» **Work instruction**: Would you please restate the data exactly as it stands, apart from the pictures?
[Dataset extract Boundary: Start]
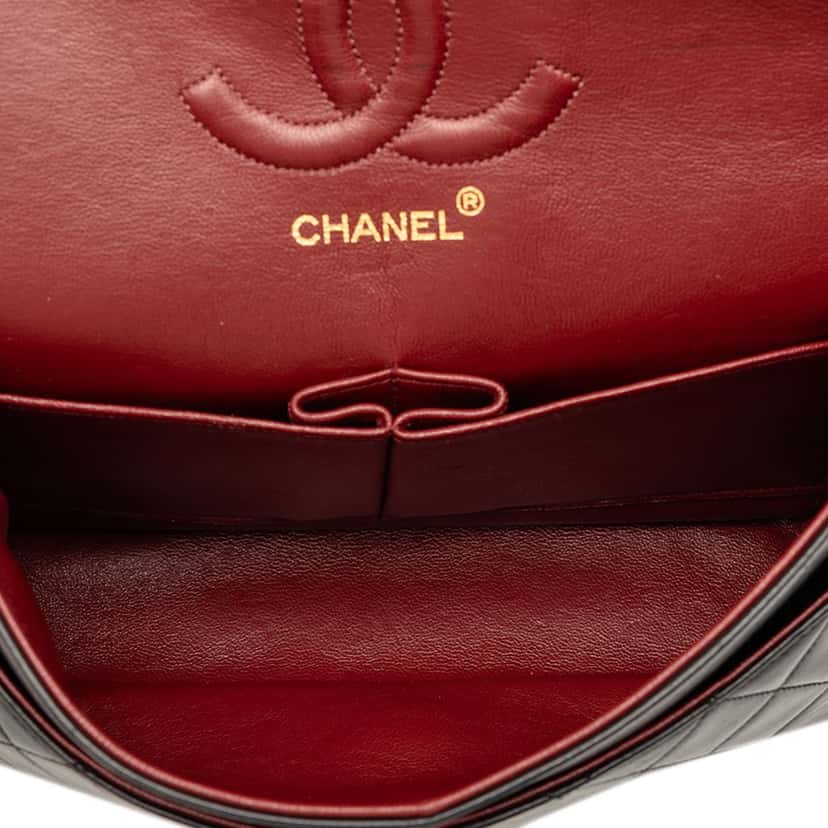 Chanel Medium Classic Lambskin Double Flap Black Leather Very good condition - Model View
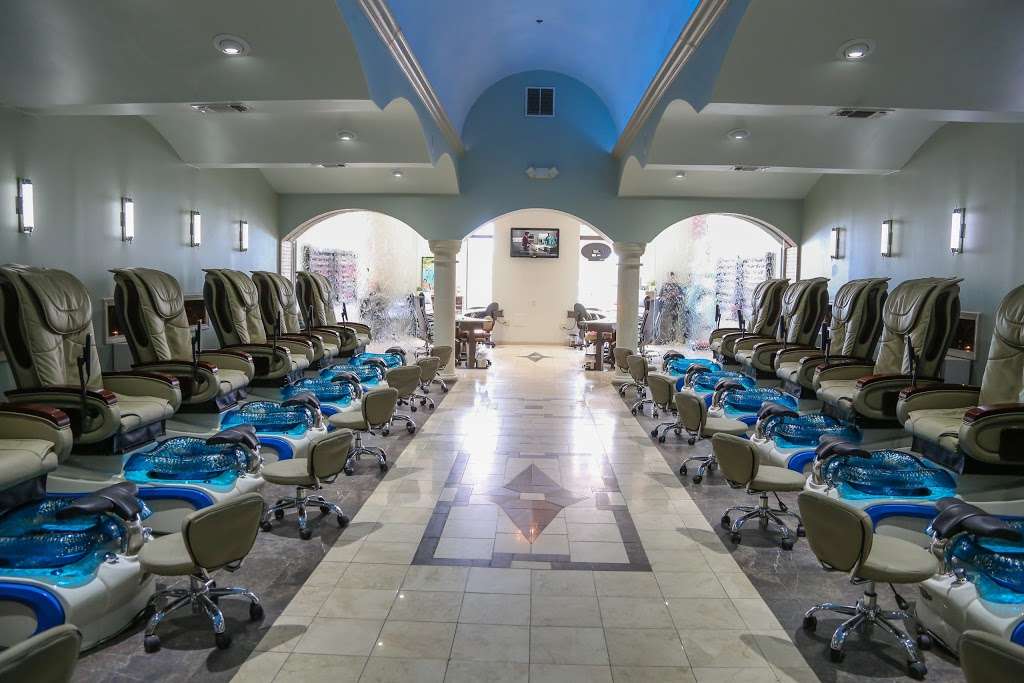 Quarry Nails | 255 E Basse Rd, San Antonio, TX 78209, USA | Phone: (210) 930-9330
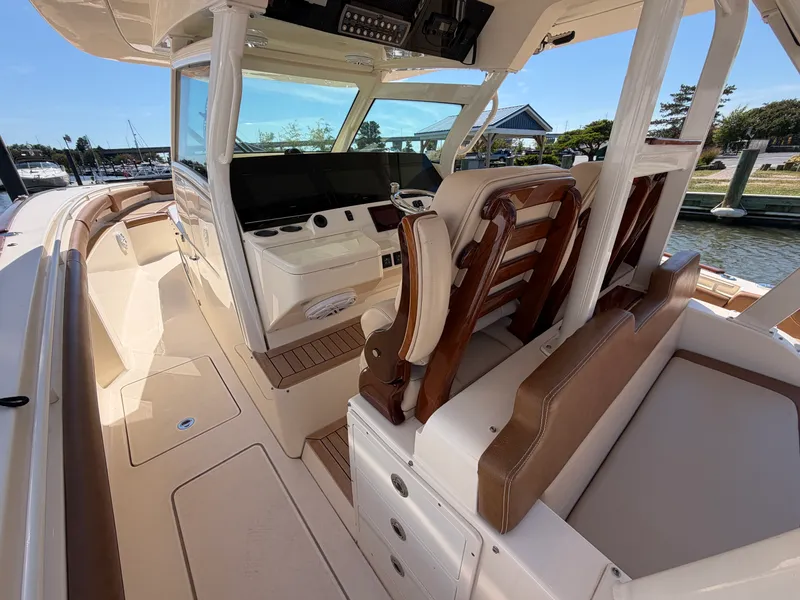 Slide: The Image of Scout 380 LXF 2019 - 12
[Dataset extract Boundary: End]
» **Exercise solution**:
 Chanel Medium Classic Lambskin Double Flap Black Leather Very good condition - Model View
 Quarry Nails | 255 E Basse Rd, San Antonio, TX 78209, USA | Phone: (210) 930-9330
 Slide: The Image of Scout 380 LXF 2019 - 12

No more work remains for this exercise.